Dans le contexte italien, Amadeo Bordiga a surtout théorisé, par exemple dans son article de 1921 intitulé Le Fascisme, la conception du dédoublement du programme de la bourgeoisie : démocratie bourgeoise et fascisme convergent vers le même but, à savoir empêcher l’avènement de la révolution.
Aux yeux de Amadeo Bordiga, le fascisme et la démocratie bourgeoise ne se distinguent pas, c’est le même phénomène. Dans les Thèses de Rome, en 1922, il explique ainsi :
« Il pourra arriver que le gouvernement de gauche laisse des organisations de droite, des bandes blanches de la bourgeoisie mener leur action contre le prolétariat et, bien loin de réclamer l’appui de ce dernier, lui refuse le droit de répondre par les armes.
Dans ce cas, les communistes dénonceront la complicité de fait, la véritable division du travail entre le gouvernement libéral et les forces irrégulières de la réaction, la bourgeoisie ne discutant plus alors des avantages respectifs de l’anesthésie démocratico-réformiste et de la répression violente, mais les employant toutes les deux à la fois. »

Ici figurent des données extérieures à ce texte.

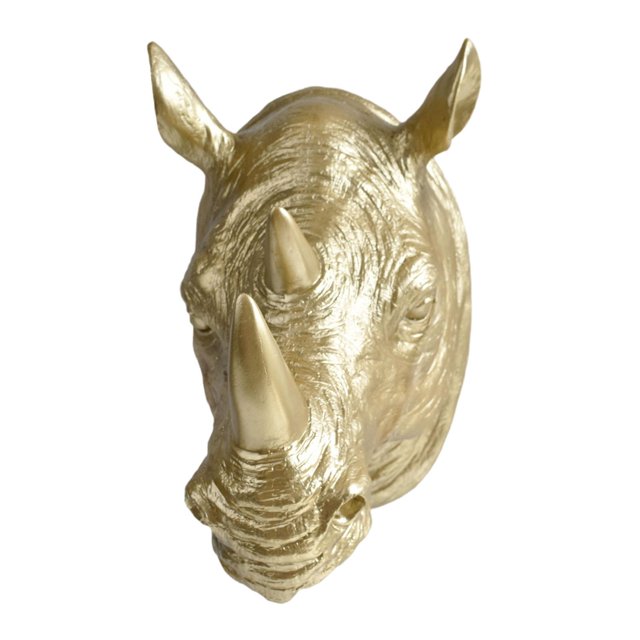 jifeng Décoration Murale Tête de Rhinocéros Décoration de Chambre Intérieure Cadeau Sculpture en Résine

Pour Amadeo Bordiga, le fascisme n’est d’ailleurs qu’une forme de la démocratie bourgeoise elle-même, un simple facteur répressif. Seule la révolution est à l’ordre du jour et le capitalisme ne peut exister que sous la forme démocratique bourgeoise, aussi les communistes doivent-ils être les plus anti-démocratiques.
Dans Sur le cadavre de la démocratie, Amadeo Bordiga résume de la manière suivante sa thèse, selon laquelle le fascisme n’est qu’un avatar temporaire, qui ramènera inéluctablement un système démocratique bourgeois :
« L’idéologie anti-démocratique du fascisme ne contient donc rien de respectable et de vivant.
Parti du mensonge démocratique, le fascisme y retournera ; et comme il s’agit d’un cadavre, il en partagera le sort, sans ouvrir au régime actuel les horizons d’une nouvelle histoire. »
Amadeo Bordiga n’a donc nullement compris que le fascisme était d’une substance différence de la démocratie bourgeoise ; il ne voit pas les monopoles, le rôle du capital financier. Le capitalisme est pour lui une forme statique, pouvant apparaître comme démocratie bourgeoise, comme fascisme, ou les deux simultanément. Tout front antifasciste est donc, par définition, contre-révolutionnaire.
Amadeo Bordiga a ici inauguré une ligne anti-antifasciste qui sera toujours celle de l’ultra-gauche, y compris trotskyste ; à l’opposé des communistes qui soutiennent la ligne comme quoi la démocratie s’oppose au fascisme, l’ultra-gauche explique que la révolution seule s’oppose au fascisme. Il faut donc s’opposer coûte que coûte à l’antifascisme.
On a un excellent exemple de convergence de cette ultra-gauche lorsqu’on voit que, durant la guerre d’Espagne, la « colonne Lénine » du POUM – le parti d’ultra-gauche en Catalogne – était composée de bordiguistes et de trotskystes ayant décidé de rejoindre l’Espagne.
Dans le contexte italien, Amadeo Bordiga a saboté l’unité avec la gauche, sur une base unitaire antifasciste. A ce titre, il fut considéré par l’Internationale Communiste comme un gauchiste de type trotskyste et expulsé.